Guard Jameer Nelson had been in Orlando for three years before Van Gundy arrived in June 2007. "In the beginning, I don't think anybody understood how intense he was and how passionate he was about playing the right way, doing everything right, everything being perfect," Nelson said during this season. "But he's a great coach. We understand him now. We never hold grudges. He's allowed to say something to you, you can say something back and then we go play."
And that's OK?
"I think it is," said DiLeo, whose own style was, by contrast, as cool and calm as a museum patron during his stint on the Sixers' sideline. "If the players know, you know, that he has a passion. He's always on their side. ... The other thing I like, he takes responsibility. A couple of these games, he's said, 'I made a mistake. I should have covered this way,' like when [Boston's] Glen Davis made that jump shot or when LeBron James made his shot. Not a lot of coaches will stand up and say, 'Hey, I made a mistake.' Publicly, anyway."
Mistakes are just bumps in a long road that delivered Van Gundy to this moment. The broad strokes of his life and career are pretty well-documented: son of mother Cindy and father Bill, a coaching lifer in high schools and colleges in California and New York; older brother of Jeff Van Gundy, who beat him to the big time as Riley's assistant and eventual replacement with the Knicks; a plugger whose stops included the University of Vermont, Castleton State, Canisius, Fordham, Massachusetts-Lowell and Wisconsin, where he spent two years as Stu Jackson's assistant and then went 13-14 in the Big Ten with Michael Finley and Rashard Griffith on his team.
Some alleged Van Gundy only got that Badgers job for his ability to recruit Sam Okey, a state preps phenom, one of several slights the coach has endured through the years. He was famously nudged aside -- or stepped down willingly, depending on the version you prefer -- from Miami's top job in December 2005 when Riley un-retired as a coach and guided the Heat to the NBA title that June. Van Gundy got the Orlando job as the second choice after Florida's Billy Donovan changed his mind, a move that led the Magic to refund tickets bought in the initial excitement about the Gators' coach.

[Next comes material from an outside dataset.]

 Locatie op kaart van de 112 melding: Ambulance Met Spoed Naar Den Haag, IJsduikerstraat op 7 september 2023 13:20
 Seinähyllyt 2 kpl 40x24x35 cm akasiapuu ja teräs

Three months ago, after Van Gundy tweaked Shaquille O'Neal about flopping in an Orlando-Phoenix game, the Suns' center went big caliber on him, blasting the Magic coach as a "front-runner" and "a master of panic."
And yet, O'Neal missed the playoffs entirely. Donovan still is in Gainesville after a 9-7 SEC finish and an NIT berth this spring. Stanko Barac -- the 7-foot-1 Bosnian chosen at No. 39 with the 2007 draft pick Miami demanded from Orlando as compensation for losing "consultant" Van Gundy -- has a five-year deal with Tau Ceramica in the Euroleague. Meanwhile, here is Van Gundy, the fastest coach in Magic history to reach 100 victories, still working games while brother Jeff figures out what to say about him from the ABC broadcast table, most likely cutting through the style-vs.-substance junk.

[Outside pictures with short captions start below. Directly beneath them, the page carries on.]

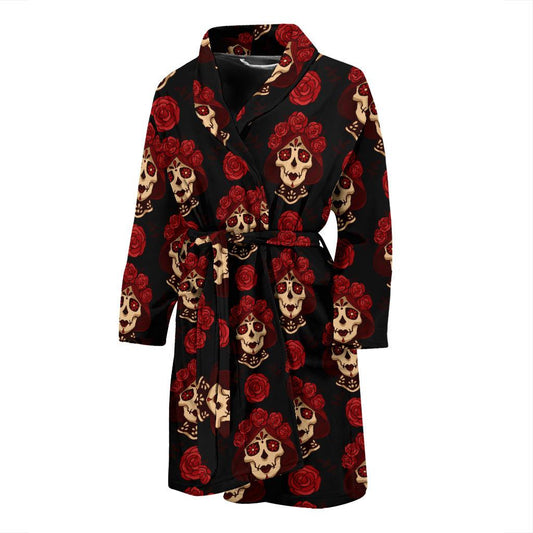 Day of the Dead Skull Girl Pattern Men Bath Robe-JTAMIGO.COM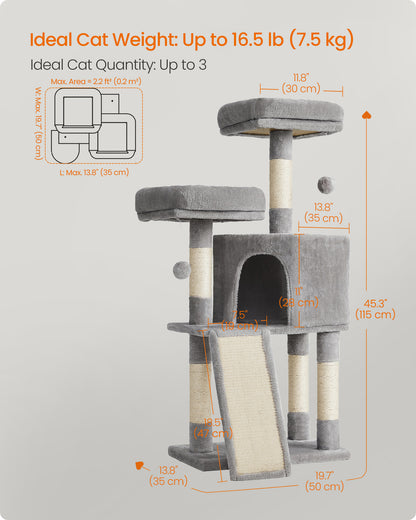 Feandrea Cat Tower, Cat Tree for Indoor Cats, 45.3-Inch Cat Condo with Scratching Post, Ramp, Perch, for Kittens, Elderly Cats, Adult Cats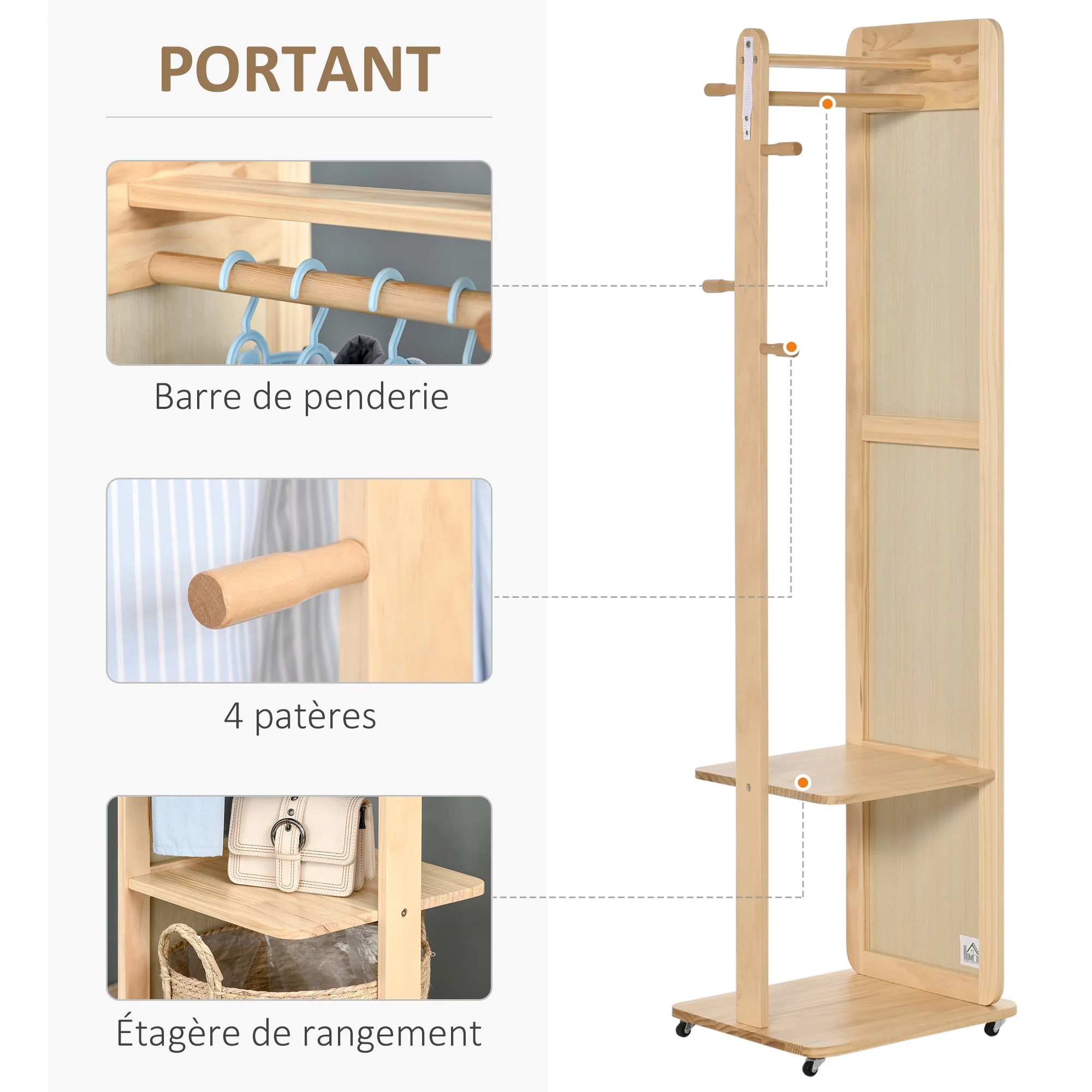 Miroir sur Pied avec roulettes - Portant, 4 patères étagère MDF Aspect Bois Clair - Image 4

"I know people analyze his facial expression a lot," Jeff Van Gundy said in a pre-Finals conference call, "but if you look at most coaches when they're in the midst of the playoffs, you don't see a lot of joy until you finish off a series or a championship, because basically, when you win it's a relief and when you lose it's one step closer to elimination."
Said Nets president Rod Thorn: "I think he's one of the better coaches in the league. They made nice adjustments in their games. I thought he did a heck of a job in Miami when he was there. ... He's like a stream of consciousness. Whatever comes out, comes out, more so than most coaches. Sometimes it may upset players a little bit, but he's a passionate guy, he cares, and I think they take it for what it is for the most part."
Don't look now, but the second banana, one with more than a few bruises, is in the spotlight now. He's not LeBron-Kobe, but Stan Van is entertainment of a different sort for these Finals.